REQUIRED ACTION: Write out, exactly and in full, the line where "mDesign Bamboo Wood" appears together with all lines that follow it in the entries below. Do not include pictures.

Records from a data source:
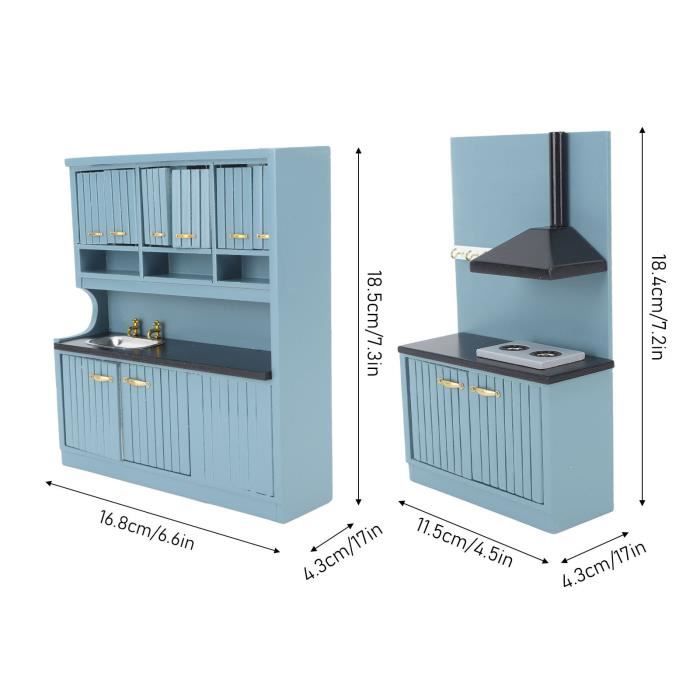 Set De Meubles Cuisine Miniature 1:12 – 12 Pièces – Plateformes Rose – Pour Maison De Poupée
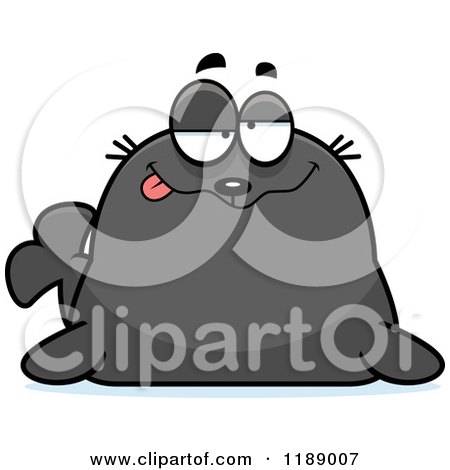 Cartoon of a Drunk Seal - Royalty Free Vector Clipart by Cory Thoman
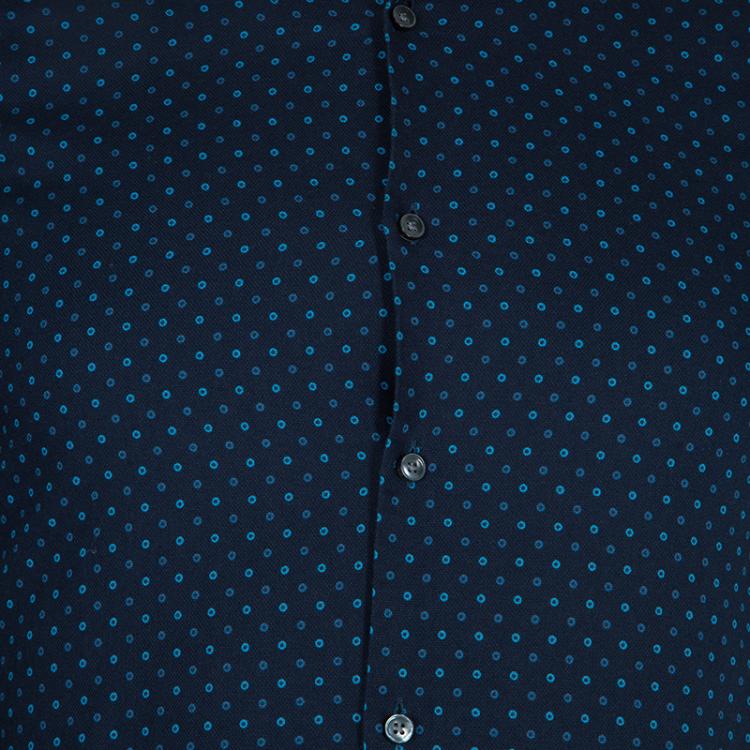 Pre Owned Boss By Hugo Boss Navy Dot Print Slim Fit Cotton Shirt S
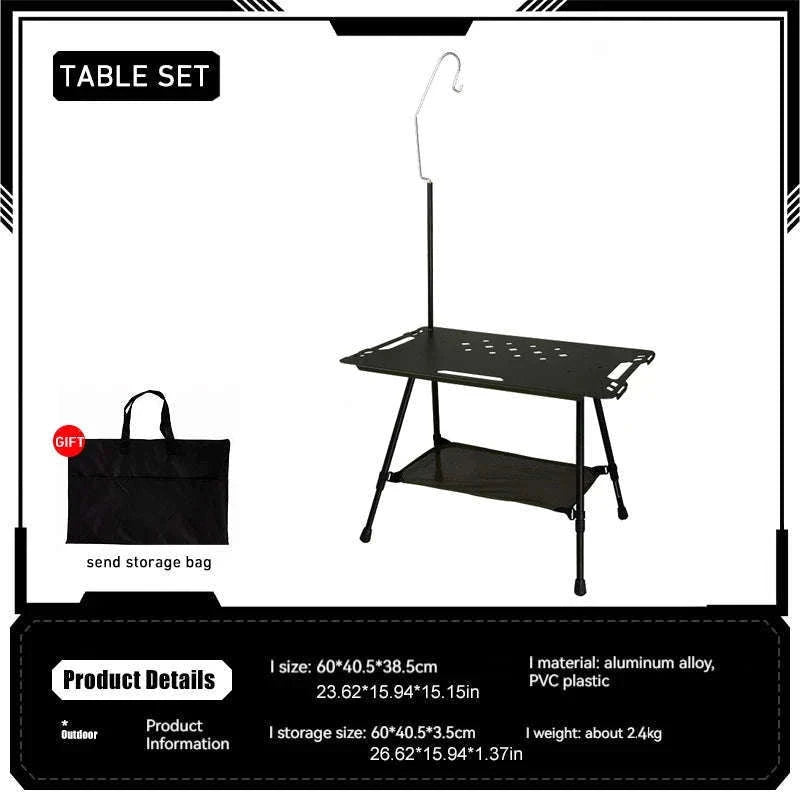 Aluminum Alloy IGT Tactical Folding Table with Adjustable Legs-IGT Storage Rack
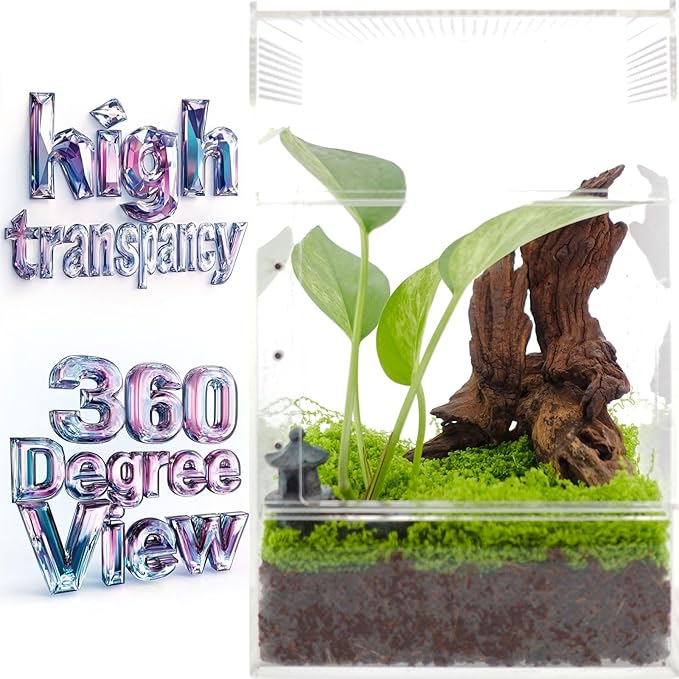 Jumping Spider Enclosure - Acrylic Terrarium Habitat for Spiders, Tarantulas, Snail, Mantis, Lizard, and Small Reptiles, Dual Sliding Doors (5.7x5.7x9 inch)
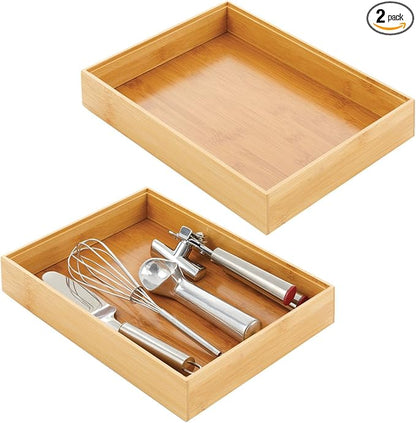 mDesign Bamboo Wood Stackable Drawer Organizer Bin Box for Kitchen; Holds Silverware, Cutlery, Utensils - Echo Collection - 2 Pack - Natural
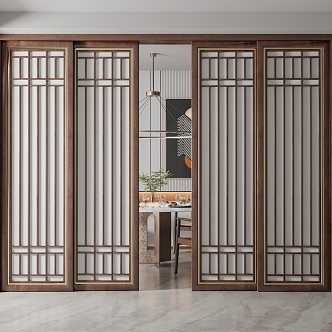 New Chinese-style sliding door 3d model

WORKED SOLUTION:
 mDesign Bamboo Wood Stackable Drawer Organizer Bin Box for Kitchen; Holds Silverware, Cutlery, Utensils - Echo Collection - 2 Pack - Natural
 New Chinese-style sliding door 3d model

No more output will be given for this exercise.